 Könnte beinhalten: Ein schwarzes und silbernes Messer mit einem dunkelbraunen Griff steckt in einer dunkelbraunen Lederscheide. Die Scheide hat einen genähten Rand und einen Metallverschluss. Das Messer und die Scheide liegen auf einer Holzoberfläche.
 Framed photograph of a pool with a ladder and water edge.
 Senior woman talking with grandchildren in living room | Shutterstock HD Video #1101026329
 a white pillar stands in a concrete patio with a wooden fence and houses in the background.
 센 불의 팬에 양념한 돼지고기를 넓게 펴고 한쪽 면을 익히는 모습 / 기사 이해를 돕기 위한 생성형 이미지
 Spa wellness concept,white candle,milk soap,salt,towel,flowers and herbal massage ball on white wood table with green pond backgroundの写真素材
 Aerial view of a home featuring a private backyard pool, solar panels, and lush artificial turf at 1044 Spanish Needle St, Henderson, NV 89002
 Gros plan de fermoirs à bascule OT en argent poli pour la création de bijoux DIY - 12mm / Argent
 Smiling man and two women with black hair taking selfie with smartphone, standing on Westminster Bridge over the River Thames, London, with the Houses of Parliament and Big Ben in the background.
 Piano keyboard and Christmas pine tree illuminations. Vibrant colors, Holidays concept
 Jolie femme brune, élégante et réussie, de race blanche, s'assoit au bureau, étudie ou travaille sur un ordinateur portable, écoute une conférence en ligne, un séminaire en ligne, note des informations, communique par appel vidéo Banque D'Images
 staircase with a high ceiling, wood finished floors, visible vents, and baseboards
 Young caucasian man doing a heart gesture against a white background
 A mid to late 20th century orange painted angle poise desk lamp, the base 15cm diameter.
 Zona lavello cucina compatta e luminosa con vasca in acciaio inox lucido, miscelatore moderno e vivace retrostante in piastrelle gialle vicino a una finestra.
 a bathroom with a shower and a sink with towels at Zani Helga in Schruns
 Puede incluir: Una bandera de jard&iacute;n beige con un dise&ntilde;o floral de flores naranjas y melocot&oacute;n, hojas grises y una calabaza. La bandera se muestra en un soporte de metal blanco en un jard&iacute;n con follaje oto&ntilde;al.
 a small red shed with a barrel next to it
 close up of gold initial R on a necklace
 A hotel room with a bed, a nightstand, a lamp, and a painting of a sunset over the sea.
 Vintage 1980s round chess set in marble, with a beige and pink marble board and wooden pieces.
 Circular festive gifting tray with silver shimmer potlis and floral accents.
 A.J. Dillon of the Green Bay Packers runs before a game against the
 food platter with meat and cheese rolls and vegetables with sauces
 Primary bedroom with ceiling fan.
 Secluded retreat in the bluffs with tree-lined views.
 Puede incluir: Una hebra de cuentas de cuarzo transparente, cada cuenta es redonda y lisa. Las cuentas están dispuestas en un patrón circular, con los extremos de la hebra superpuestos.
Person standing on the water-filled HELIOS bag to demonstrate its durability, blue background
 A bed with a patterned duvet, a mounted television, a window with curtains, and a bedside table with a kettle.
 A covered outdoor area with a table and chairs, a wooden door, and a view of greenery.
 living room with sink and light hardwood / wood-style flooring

» Task objective
Only the lines of the data holding the string "standing" are wanted; copy each of them.

» Response box
 Smiling man and two women with black hair taking selfie with smartphone, standing on Westminster Bridge over the River Thames, London, with the Houses of Parliament and Big Ben in the background.
Person standing on the water-filled HELIOS bag to demonstrate its durability, blue background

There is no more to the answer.